18.01.2015

Niamey (AFP)

Niger: Zehn Tote bei Gewalt gegen Christen und Ausländer

"Die, die Gotteshäuser plündern, die sie entweihen, die ihre christlichen Landsleute oder Ausländer, die in unserem Land leben, verfolgen und töten, haben nichts vom Islam verstanden", urteilte das nigrische Staatsoberhaupt Issoufou.
Foto: © 2015 AFP NIGER-FRANCE-ATTACKS-CHARLIE-HEBDO-DEMO
Bei den gewaltsamen Protesten in Niger gegen die Mohammed-Karikatur in der französischen Satire-Zeitung "Charlie Hebdo" sind nach neuen Angaben zehn Menschen getötet worden.

Bei den gewaltsamen Protesten in Niger gegen die Mohammed-Karikatur in der französischen Satire-Zeitung "Charlie Hebdo" sind nach neuen Angaben zehn Menschen getötet worden. In der Hauptstadt Niamey starben fünf Zivilisten, wie der nigrische Präsident Mahamadou Issoufou in einer im Fernsehen übertragenen Erklärung sagte. Vier von ihnen seien in Kirchen oder Bars getötet worden. Bereits am Vortag seien in Zinder, der zweitgrößten Stadt des westafrikanischen Landes, fünf Menschen getötet worden, fügte der Staatschef hinzu.

Zunächst war von vier Todesopfern und 45 Verletzten in Zinder die Rede gewesen. Am Samstagmorgen sei aber zudem in einer Kirche eine verkohlte Leiche entdeckt worden, sagte Issoufou. "Die, die Gotteshäuser plündern, die sie entweihen, die ihre christlichen Landsleute oder Ausländer, die in unserem Land leben, verfolgen und töten, haben nichts vom Islam verstanden", urteilte das Staatsoberhaupt.

In Niamey kehrte am Samstagabend Augenzeugen zufolge wieder Ruhe ein.
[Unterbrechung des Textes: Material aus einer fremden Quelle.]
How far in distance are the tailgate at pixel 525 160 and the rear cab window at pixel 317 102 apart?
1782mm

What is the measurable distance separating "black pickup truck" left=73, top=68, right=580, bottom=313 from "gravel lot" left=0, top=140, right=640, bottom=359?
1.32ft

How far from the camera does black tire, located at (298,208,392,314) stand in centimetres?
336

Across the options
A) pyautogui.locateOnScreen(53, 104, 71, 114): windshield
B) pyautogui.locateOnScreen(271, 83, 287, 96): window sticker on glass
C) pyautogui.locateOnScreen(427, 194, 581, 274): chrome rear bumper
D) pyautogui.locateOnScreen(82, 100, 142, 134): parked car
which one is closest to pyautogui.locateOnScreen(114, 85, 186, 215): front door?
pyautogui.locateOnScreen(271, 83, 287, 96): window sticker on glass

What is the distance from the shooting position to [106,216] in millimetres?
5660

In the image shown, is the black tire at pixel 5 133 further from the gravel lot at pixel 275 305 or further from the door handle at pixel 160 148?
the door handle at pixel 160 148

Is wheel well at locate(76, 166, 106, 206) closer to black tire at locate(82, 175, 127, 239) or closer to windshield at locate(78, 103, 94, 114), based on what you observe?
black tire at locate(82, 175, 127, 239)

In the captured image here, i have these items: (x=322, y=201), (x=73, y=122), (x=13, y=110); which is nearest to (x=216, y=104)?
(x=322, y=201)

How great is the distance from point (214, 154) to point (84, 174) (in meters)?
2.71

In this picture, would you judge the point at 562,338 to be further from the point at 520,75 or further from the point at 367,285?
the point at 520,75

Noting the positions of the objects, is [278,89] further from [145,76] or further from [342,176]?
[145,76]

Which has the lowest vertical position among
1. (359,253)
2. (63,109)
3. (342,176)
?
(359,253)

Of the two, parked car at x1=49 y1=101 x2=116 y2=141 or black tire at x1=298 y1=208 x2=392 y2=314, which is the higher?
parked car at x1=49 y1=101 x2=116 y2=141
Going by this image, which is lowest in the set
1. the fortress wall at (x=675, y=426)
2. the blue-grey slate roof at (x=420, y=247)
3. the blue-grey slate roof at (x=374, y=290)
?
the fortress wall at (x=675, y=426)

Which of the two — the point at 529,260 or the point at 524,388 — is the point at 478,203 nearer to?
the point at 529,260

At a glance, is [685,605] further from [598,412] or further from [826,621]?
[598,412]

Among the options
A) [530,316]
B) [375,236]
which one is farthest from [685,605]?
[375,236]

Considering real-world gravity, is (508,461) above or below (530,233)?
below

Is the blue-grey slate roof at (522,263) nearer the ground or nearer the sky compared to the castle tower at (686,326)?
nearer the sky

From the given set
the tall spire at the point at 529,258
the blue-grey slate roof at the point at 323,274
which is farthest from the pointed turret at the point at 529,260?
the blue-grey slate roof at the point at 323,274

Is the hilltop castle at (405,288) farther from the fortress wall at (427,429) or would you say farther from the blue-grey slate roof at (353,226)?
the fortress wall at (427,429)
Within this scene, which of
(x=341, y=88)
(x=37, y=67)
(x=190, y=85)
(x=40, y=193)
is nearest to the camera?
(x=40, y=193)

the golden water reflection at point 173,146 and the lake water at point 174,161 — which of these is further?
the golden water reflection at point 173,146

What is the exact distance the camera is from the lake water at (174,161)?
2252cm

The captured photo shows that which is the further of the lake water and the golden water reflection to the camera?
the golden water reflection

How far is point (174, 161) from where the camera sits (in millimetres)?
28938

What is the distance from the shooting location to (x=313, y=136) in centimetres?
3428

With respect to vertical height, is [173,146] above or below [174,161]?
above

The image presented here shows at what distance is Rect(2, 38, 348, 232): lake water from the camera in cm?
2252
Hier waren am Tag etwa ein Dutzend Kirchen sowie zahlreiche Geschäfte und Lokale von Christen zerstört worden. In Zinder standen rund 300 Christen unter dem Schutz von Polizei und Armee. 225 von ihnen hielten sich in einer Kaserne auf, wie aus westlichen Sicherheitskreisen verlautete. Etwa 70 Christen seien in einer Kirche und würden dort von Gendarmen und Polizisten beschützt, wie zwei der Betroffenen der Nachrichtenagentur AFP sagten.

Am Samstagabend riefen etwa 20 muslimische Rechtsgelehrte zur Ruhe auf. "Vergesst nicht, dass der Islam gegen Gewalt ist", sagten sie vor Fernsehkameras.

Die französische Botschaft hatte die Franzosen zu äußerster Vorsicht aufgerufen und davon abgeraten, das Haus zu verlassen. Der französische Außenminister Laurent Fabius erklärte, sein Land "verurteilt Gewaltanwendung". Zugleich sprach er den nigrischen Behörden seine "Solidarität" aus. Frankreichs Staatschef François Hollande hatte zuvor gesagt, die Meinungsfreiheit gehöre zu den wichtigsten Werten seines Landes.